Why is that problem not on the list? Did Taylor West just forget, or is her boss, Mark Udall, telling her to ignore it? To fix the problem, to the degree that it can be fixed would require building forest roads to allow fire breaks to be built.

They are apparently doing that in Idaho but the environmentalists are none too happy:

“Back off. Just drop the whole mess,” says Craig Gehrke, regional director of The Wilderness Society in Idaho. “Just stick with the 2001 rule. This whole fight for roadless areas is needless.”

Idaho’s petition cuts out about 500,000 roadless acres, but the state promised to keep protections in place for the remainder of 9 million acres. [ Craig ] Gehrke worries wildfire provisions weaken the proposal, though, by giving the state more “wiggle room” to blaze roads.

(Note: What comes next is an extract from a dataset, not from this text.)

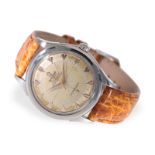 Armbanduhr: Omega Constellation "Pie Pan Tropical" Chronometer in Stahl/Rotgold, Ref. 2852, ca. 1956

“They’re backsliding on it,” he says.

Idaho is trying to do the smart thing, but the environmentalists on Bill Ritter's staff are trying to keep Colorado roadless and vulnerable:

A similar battle is taking place in Colorado. Environmentalists are pressing [ Bill ] Ritter, who has spoken in favor of roadless protections, to stick with the federal rule...

Colorado’s former Gov. Bill Owens, R, submitted a roadless plan that was praised for protecting most areas. Environmentalists blasted his successor, Bill Ritter, D, though, accusing him of weakening roadless protections when he decided to largely stick with that plan...

And, where is Mark Udall on this issue. He opposes roads, and collects hefty donations from roadless advocates. Care to guess why Taylor West left this Colorado centic issue off of the list of important things that Congress had to do?